# PROBLEM TO SOLVE:
The whole listing, please: repeat it exactly, with the pictures left out.

# SUPPLIED MATERIAL:
┄┄┄┄┄┄┄┄┄┄┄┄┄┄┄┄┄┄┄┄
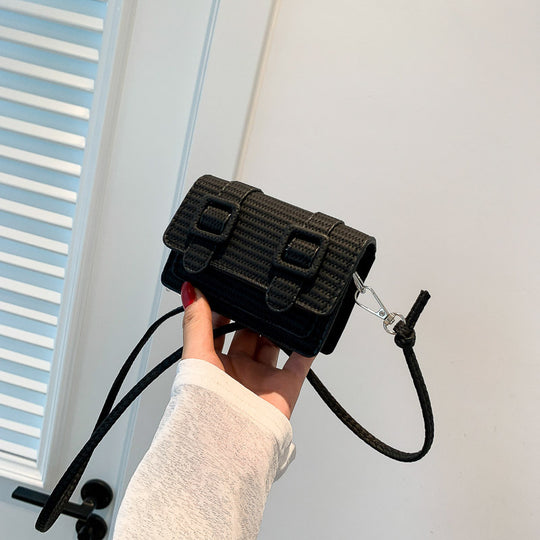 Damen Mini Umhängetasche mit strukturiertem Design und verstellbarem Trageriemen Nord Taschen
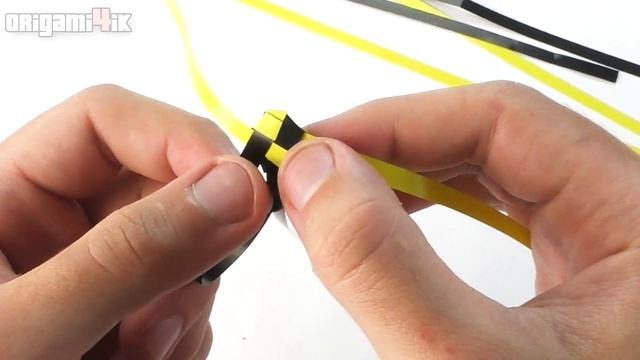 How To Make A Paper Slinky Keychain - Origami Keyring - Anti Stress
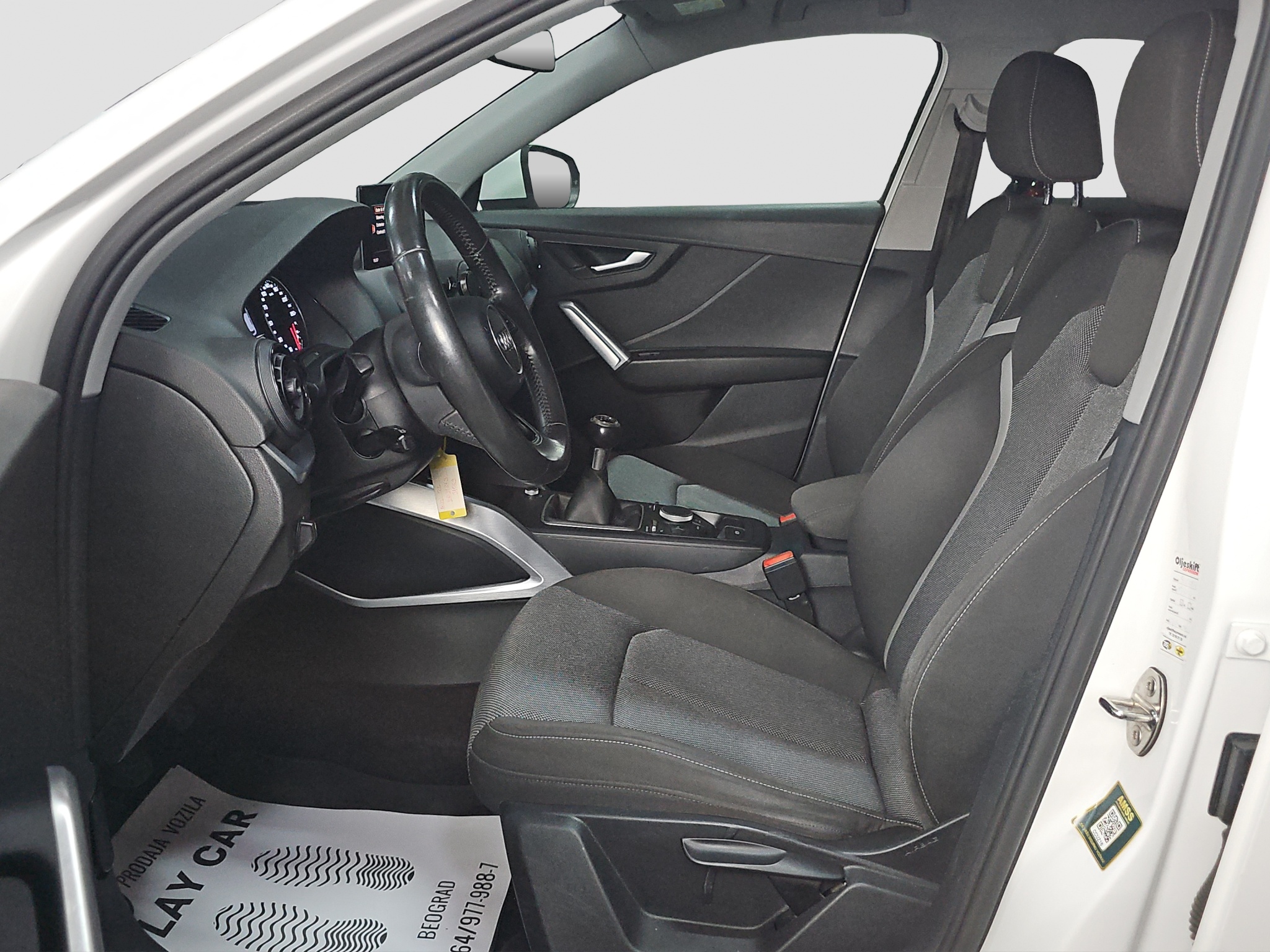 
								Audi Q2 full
┄┄┄┄┄┄┄┄┄┄┄┄┄┄┄┄┄┄┄┄
# TASK RESPONSE:
 Damen Mini Umhängetasche mit strukturiertem Design und verstellbarem Trageriemen Nord Taschen
 How To Make A Paper Slinky Keychain - Origami Keyring - Anti Stress
								Audi Q2 full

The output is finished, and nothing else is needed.